Apart from questions over the way the laws were passed, provisions within the laws have drawn no small amount of criticism. The contract law offers a sweeping legal protection for companies that appears to altogether erase the judiciary, noting: ‘No civil court shall have jurisdiction to entertain any suit or proceedings in respect of any dispute which a Sub-Divisional Authority or the Appellate Authority is empowered by or under this Act to decide and no injunction shall be granted by any court or other authority in respect of any action taken or to be taken in pursuance of any power conferred by or under this Act or any rules made thereunder.’


A tractor driver joins the protest in Ghazipur, India, 23 January 2021.

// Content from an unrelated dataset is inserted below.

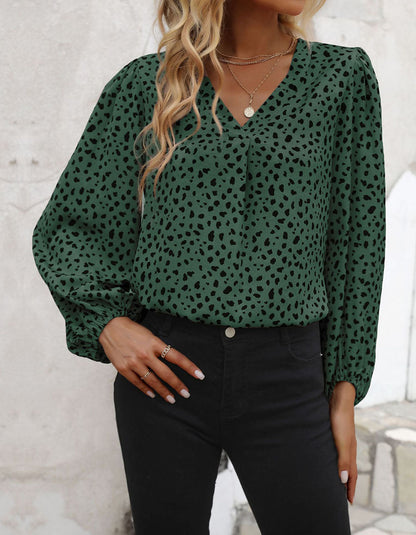 Leopard Printed V Neck Long Sleeve Shirt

The Bar Council of India was among the many to take aim at that provision. In a December 2020 statement, the Council wrote: ‘The mindset behind the move to oust the jurisdiction of civil courts and transfer of power to bureaucrats, acting as executive officers, to decide disputes between the traders and the farmers, will lead to corruption, and touts will victimize unimaginably. Shutting the doors of civil courts to entertain disputes, pertaining to the subject matter under these Acts will prove disastrous.’

A matter of survival

While the farmers have raised concerns over the constitutional elements, they are most concerned about how market privatisation will affect the MSP and the mandis, which are state-run agriculture markets. These systems are strongest in Punjab and Haryana, the two states at the heart of the protests, but they exist in varying degrees across the nation. BJP officials have insisted the laws don’t touch the MSP, but in opening the markets without guaranteed protections, the mandis and MSP will almost certainly disappear, leaving farmers at the mercy of prices set by large corporations.

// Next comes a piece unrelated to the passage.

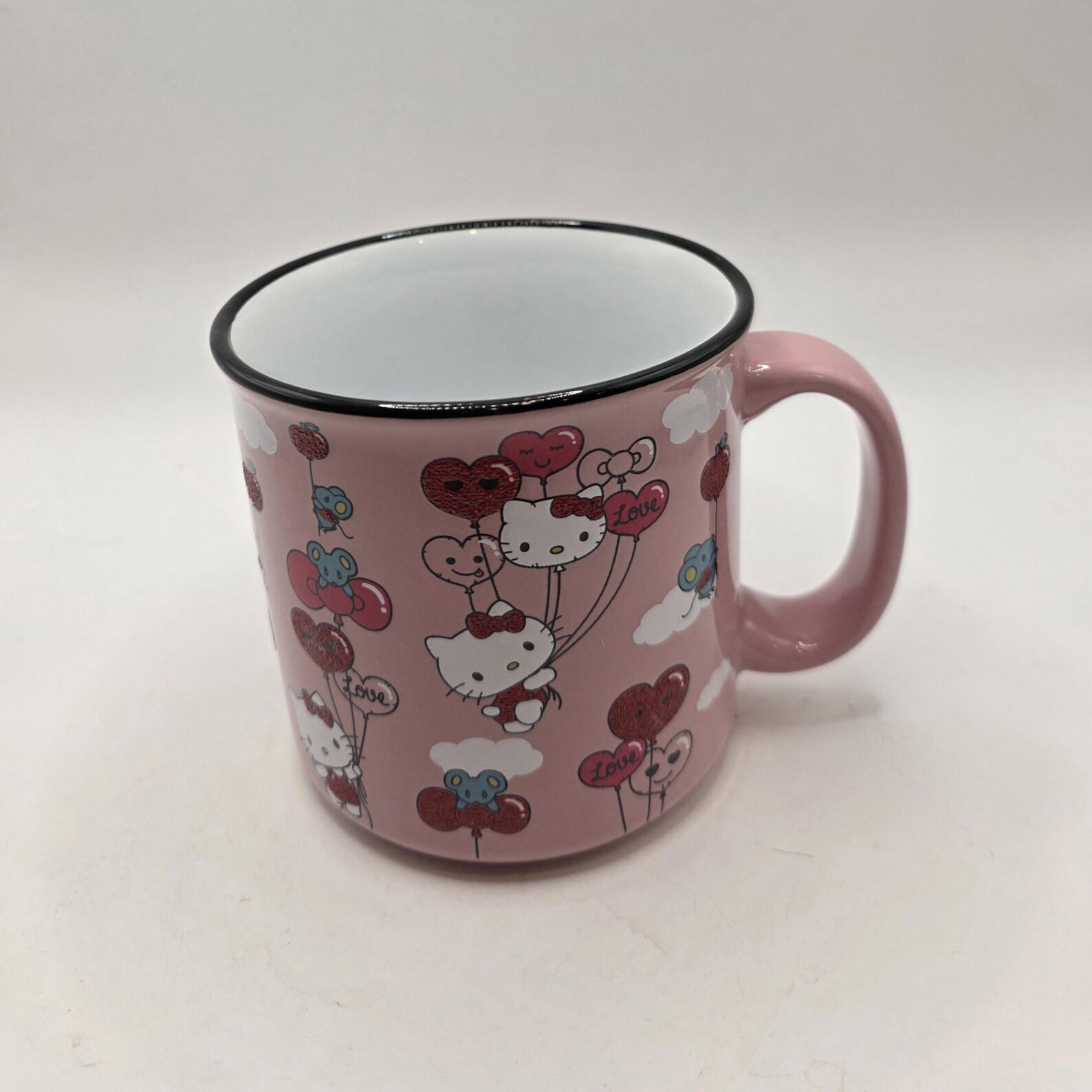 Hello Kitty 20 oz Glitter Pink Ceramic Valentines Mug Collectible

‘There has to be some way where the government has to find a way to give them the security of the MSP,’ says Hassan. ‘What they’re asking for is a legislative formalization. They don’t trust the government [promising it won’t abolish the MSP]. Without legislation, it probably will continue for a year or so and then disappear.’

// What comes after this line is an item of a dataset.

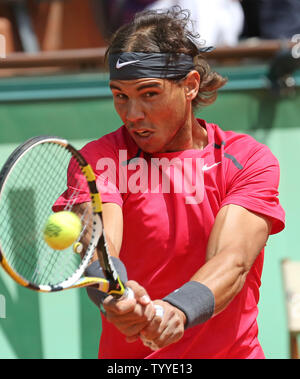 Spaniard Rafael Nadal hits a shot during his French Open men's semifinal match against Spaniard David Ferrer at Roland Garros in Paris on June 8, 2012.   UPI/David Silpa Stock Photo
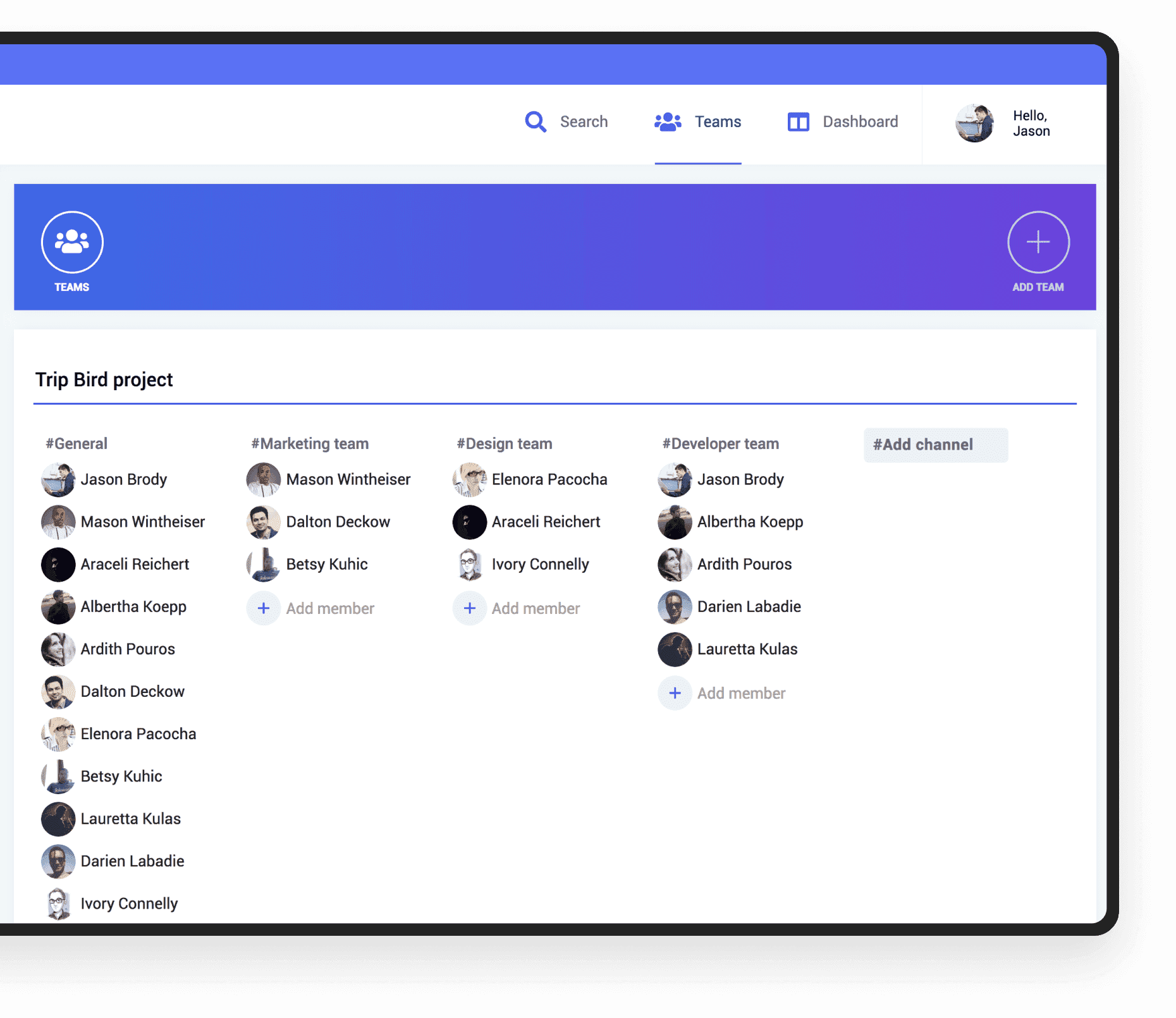 Example of channel administration by collaboration marketplace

What’s happening now is not an experiment – we know what happens…that’s what people are fighting against – a foretold disaster

Navyug Gill
Assistant Professor of History, William Paterson University

In 2006, Bihar became the first state to abolish the mandi system, allowing corporations to buy directly from farmers. When that happened, ‘farmers were plunged into volatility, more became landless, and there was more outward migration,’ says Navyug Gill, an assistant professor of history at William Paterson University. Some became smugglers, he says, moving their crops out of Bihar and selling them in Punjab, where the state markets ensured far higher prices.

‘What’s happening now is not an experiment – we know what happens,’ says Gill, who studies modern South Asia and global capitalism. ‘That’s what people are fighting against – a foretold disaster.’

The mandi system comes with its own problem. In some areas, the lack of regulation has led to cartelisation, with middlemen taking nearly all the profit from farmers. This has contributed to landlessness and rising debt, along with steep rates of farmer suicide.

MSPs, meanwhile, are offered for crops with little care given to what produce is best grown in a given region, leading to man-made environmental catastrophe. Fifty years of rice cultivation in Haryana, for instance, which requires tube wells to pump water into paddy fields, has seen the groundwater level drop precipitously. The state government is now trying to push farmers away from water intensive crops, though with little success.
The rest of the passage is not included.